● Exercise brief
In the entries that follow, the lines from the line containing "Tragedi 42 Hektare" up to and including the line containing "Parachute Advansed Shea" must be copied exactly, with pictures omitted.

● Data for review
* * * *

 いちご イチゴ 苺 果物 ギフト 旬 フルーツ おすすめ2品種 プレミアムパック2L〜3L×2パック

* * * *

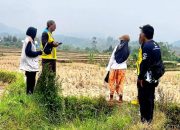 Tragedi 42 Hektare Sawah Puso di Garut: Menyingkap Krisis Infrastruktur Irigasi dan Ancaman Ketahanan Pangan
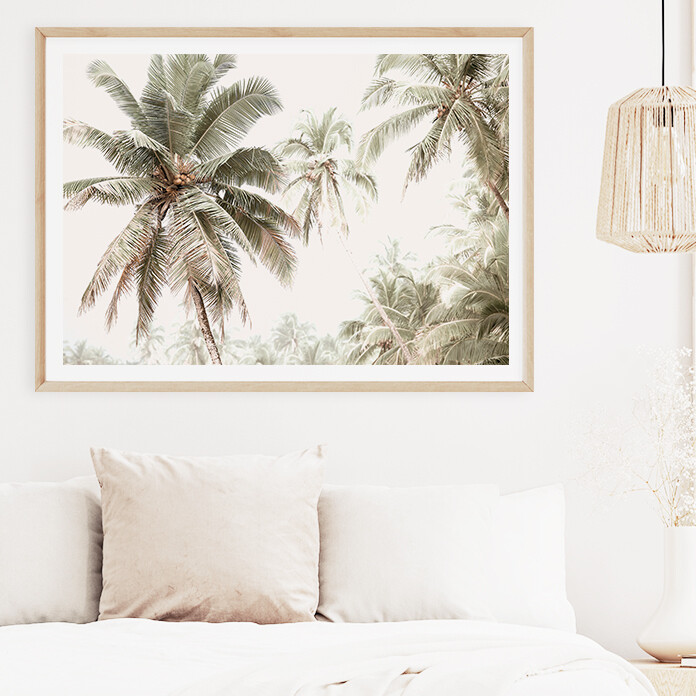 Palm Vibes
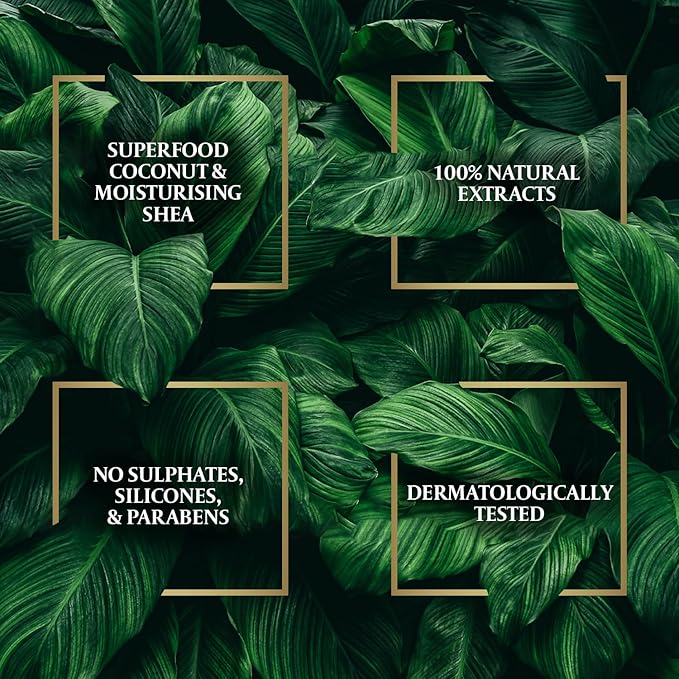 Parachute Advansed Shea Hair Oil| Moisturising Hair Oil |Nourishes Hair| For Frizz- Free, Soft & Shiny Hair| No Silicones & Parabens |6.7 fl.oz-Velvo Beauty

* * * *

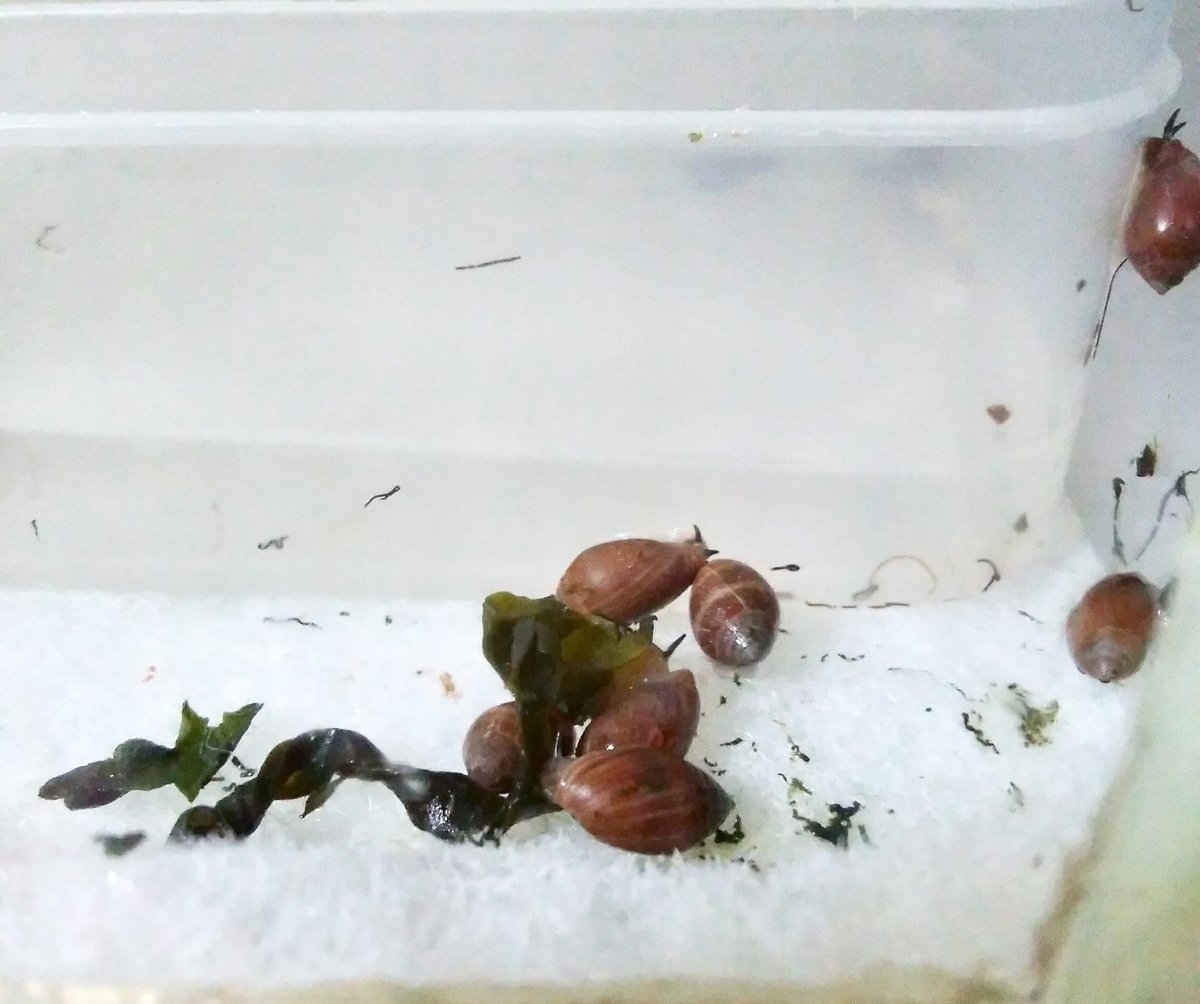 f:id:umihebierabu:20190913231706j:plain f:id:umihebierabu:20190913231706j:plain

* * * *

● Response to the exercise
 Tragedi 42 Hektare Sawah Puso di Garut: Menyingkap Krisis Infrastruktur Irigasi dan Ancaman Ketahanan Pangan
 Palm Vibes
 Parachute Advansed Shea Hair Oil| Moisturising Hair Oil |Nourishes Hair| For Frizz- Free, Soft & Shiny Hair| No Silicones & Parabens |6.7 fl.oz-Velvo Beauty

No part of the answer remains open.